Pas de sondage inventé. Juste dix habitudes bien visibles, taguées en un mot.

Les 10

  1. Le dorm haul. À piquer. On vide le sac sur le lit, on filme les cintres, on montre le tapis trop petit. Utile : ça force à voir ce qu’on possède vraiment. Moins utile : acheter un quatrième organisateur de tiroirs pour le contenu.
  2. L’iced coffee dans la voiture. À piquer. Un gobelet, un trajet, une rentrée qui commence avant d’arriver. Version francophone : le même rituel, en plus petit, sans drive de 40 mètres. Le café n’a pas besoin d’être un litre.
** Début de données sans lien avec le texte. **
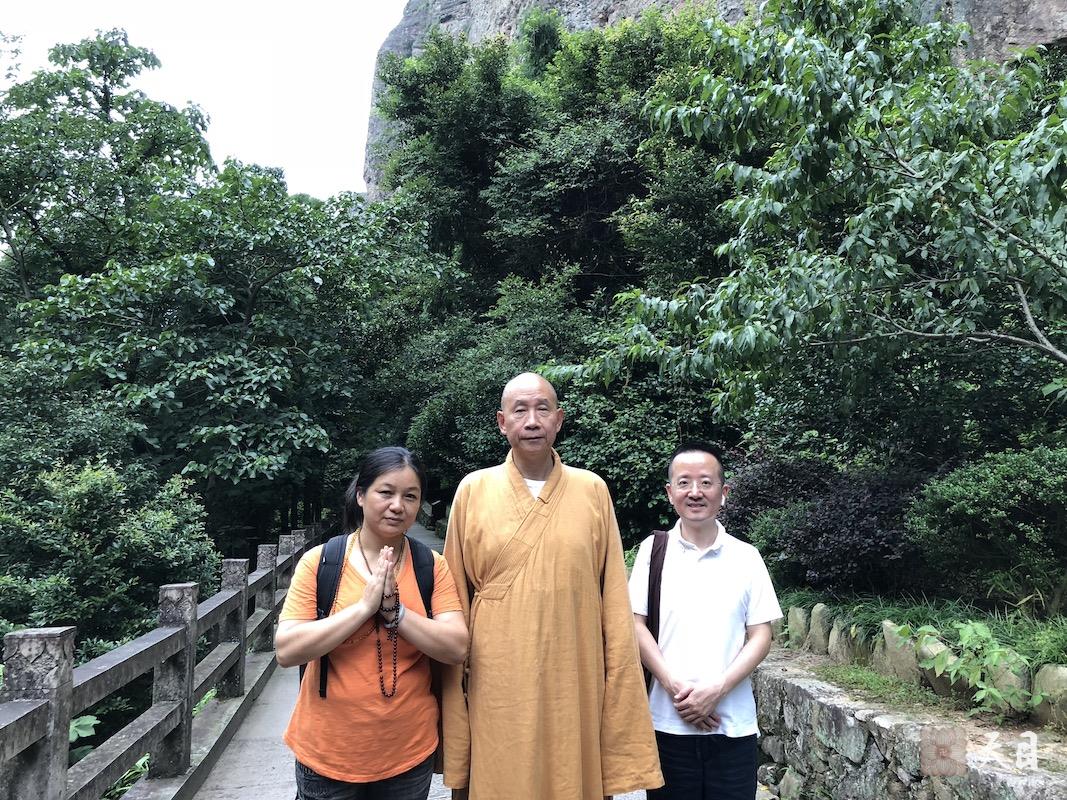 20180702圣观法师带领果实法师等弟子游览温州雁荡山1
  3. Le « lock in ». À piquer. Traduction libre : on se met en mode sérieux, on se trouve un binôme de redevabilité, on arrête de négocier avec son réveil. C’est un peu scout, un peu application. Ça marche mieux que la résolution du 1er janvier, parce que l’emploi du temps, lui, est réel.
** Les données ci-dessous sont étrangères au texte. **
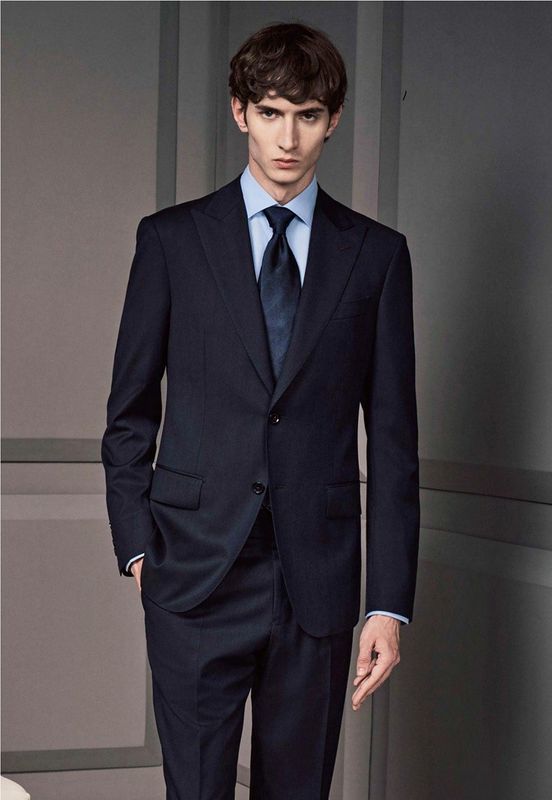 Dark Blue Wool Suit – Refined Business Style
  4. La packing list comme genre littéraire. À piquer. Draps, multiprise, photo des parents, snacks. On peut rire. On peut aussi l’appliquer à un studio, un internat, une chambre d’ami. Une liste, c’est moins paniquant qu’un cerveau à 23 h.
  5. La dépose des parents. À piquer. Aux États-Unis, c’est un genre : câlin sur le parking, coffre ouvert, quelqu’un qui pleure en faisant semblant de vérifier le GPS. Ici aussi, on laisse un enfant quelque part. Le bittersweet n’a pas besoin de mascotte d’université pour exister. On le filme moins. On peut juste le vivre.
  6. Le montage « last summer ». À piquer. Dix secondes de lac, de pêches, de tongs. C’est niais. C’est aussi une façon de fermer la saison. Un album, une note vocale, une carte postale : même fonction, moins de transitions Whoosh.
  7. La tenue du premier jour. À fuir — la pression. À piquer — le soin. Un fit pensé, d’accord. Un personnage à tenir jusqu’à octobre, non. La rentrée n’est pas un tapis rouge. C’est un lundi.
  8. Le compte à rebours football. À fuir si vous n’aimez pas ça. À piquer l’idée d’un rituel collectif. Eux ont le samedi au stade. Nous avons la rentrée des classes, la première aprem trop chaude, le premier métro trop plein. Ça compte aussi comme saison.
  9. Le last beach day comme devoir. À piquer. Un dernier bain, même court, même en Bretagne sous un nuage. L’Amérique le fait au lac. On peut le faire à la piscine municipale. L’important, c’est la frontière : l’été a une porte. On la ferme.
  10. La rentrée comme contenu. À fuir. Transformer chaque cartable en haul, chaque parent en figurant, chaque angoisse en son viral : c’est drôle une fois. Ensuite, c’est juste la vie filmée pour des inconnus. Gardez un peu pour la maison.
Façade d’école aux couleurs vives, cours et bâtiments alignés — l’énergie visuelle d’une rentrée, quelque part dans le monde
La rentrée, c’est un décor. Pas un brief créa.

Eux ont déjà sorti les cartons. Nous, on a encore une semaine pour décider ce qu’on importe. Un iced coffee, d’accord. Un lock in, pourquoi pas. Le reste, on peut le laisser de l’autre côté de l’Atlantique — avec les mascottes.